The County of San Diego’s Registrar of Voters lists Chavez, Emmanuel, Sanfilippo, Martinez and Vargas as the qualified candidates for the June 2 primary, according to the county’s certified candidate list. The County of San Diego Registrar of Voters confirms the ballot order and the election date.

Candidates and what they’re pitching

Joy Emmanuel is a board-certified family physician who says she has practiced in District 1 for more than two decades. Her campaign highlights neighborhood safety, streamlined permitting for small businesses and traffic fixes as core promises. Those priorities appear on her campaign website and in her professional profile, which lists her medical credentials and local practice history. Vote Dr. Joy and her Sharp clinician profile show her healthcare background and community ties.

Incumbent Carolina Chavez, elected in 2022, points to recent city projects and ordinances as key achievements of her term, including a local policy that limits cooperation with federal immigration enforcement and new services for residents experiencing food insecurity. The city has also converted the shuttered Palomar Motel into a permanent supportive-housing project called Palomar Point and opened a city-operated food pantry at the Civic Center Library, according to the City of Chula Vista announcements. The city’s notices on the food pantry and the Palomar Point project provide more detail on those initiatives. 
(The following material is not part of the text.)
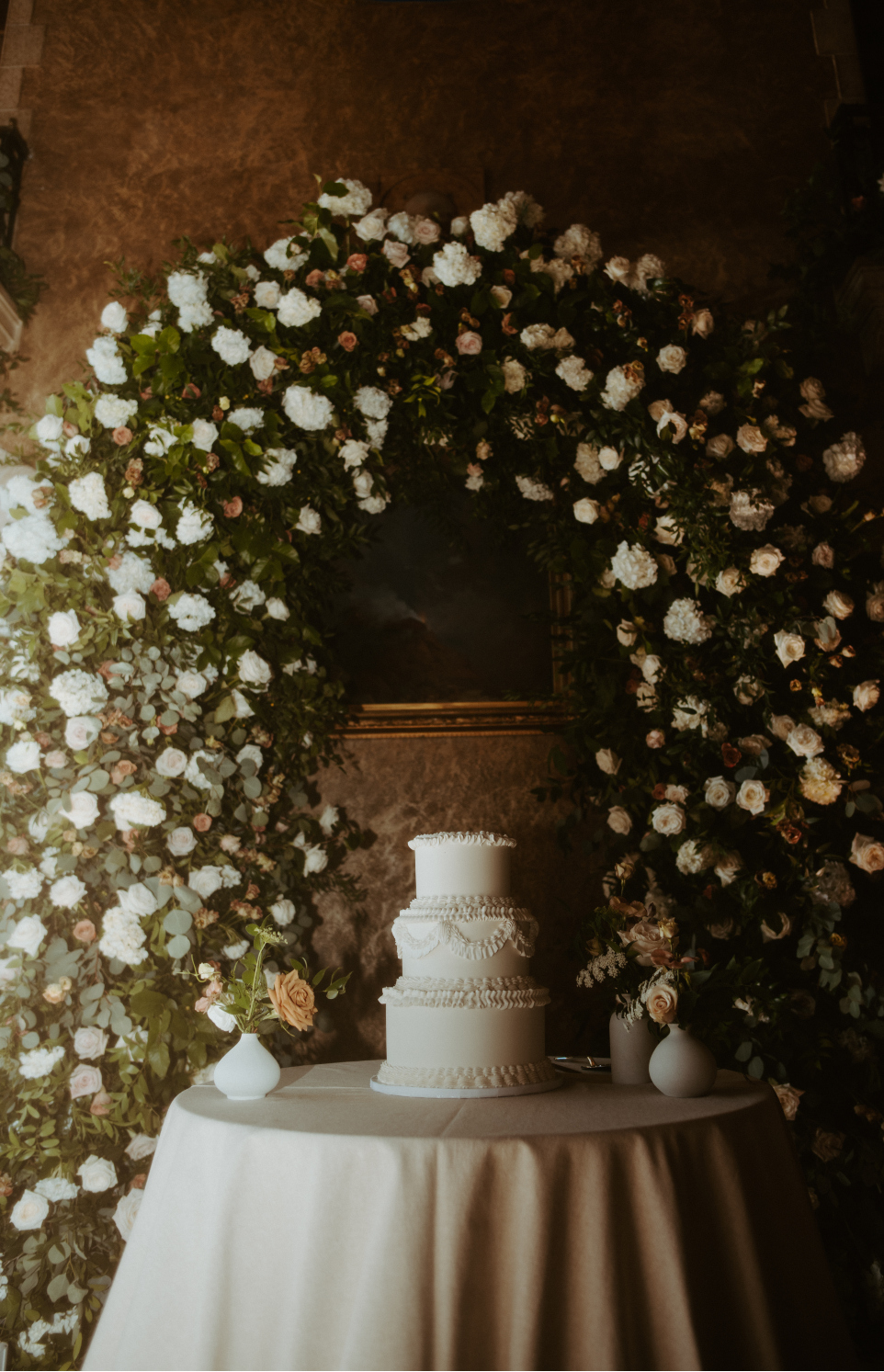Their pretty three-tiered cake in front of the fabulous, floral arch.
Chuck Sanfilippo, a business owner who has served on city advisory bodies, is running on a small-business and public-safety platform and has criticized the immigration-policy ordinance and recent state housing bills that change local parking and density rules. He has framed his pitch around local control and what he describes as pragmatic enforcement, with remarks reported in local coverage of the race. For more about his background and issues, reporting in the San Diego Union‑Tribune provides context on his positions and includes interview highlights.

Gregory Martinez is a certified public accountant and small-business owner whose campaign emphasizes fiscal oversight and restraint. City candidate filings list Martinez and his campaign contact information, and regional voter guides show he previously ran for a local water-district seat in 2024. The City of Chula Vista and local voter guides include his prior campaign activity.

Sergio C. Vargas, a longtime South Bay resident and self-employed community activist, is running as a first-time candidate focused on safe streets, reliable city services and support for small businesses. Vargas’s campaign materials list neighborhood priorities and emphasize practical, local solutions. His campaign site lays out his platform and neighborhood roots, and regional reporting on the city’s Millenia library and university efforts shows how higher-education partnerships are becoming a local campaign issue. Sergio Vargas for Chula Vista and coverage of the city’s Millenia library and university efforts outline those education developments.

Why housing and services keep coming up

Housing and homelessness policy are a steady thread in the race. Chavez and city leaders point to Palomar Point, a 27-unit conversion of a former motel with units reserved for veterans, as part of a broader push to add permanent supportive housing. The city also highlights the new Civic Center food pantry as a concrete expansion of services tied to those efforts. For program details, the city’s notices and project pages lay out how the housing and pantry initiatives are structured, per the City of Chula Vista

What to watch next

Voters head to the polls on June 2, in the municipal primary. If no candidate wins a majority, the top two finishers will advance to a November runoff. The contest will test whether the incumbent’s housing and service agenda resonates in neighborhoods that are also watching public-safety funding, parking rules and the effort to bring more higher-education programming to Chula Vista. For the certified candidate list and official election dates, refer to the county’s candidate list from the County of San Diego Registrar of Voters.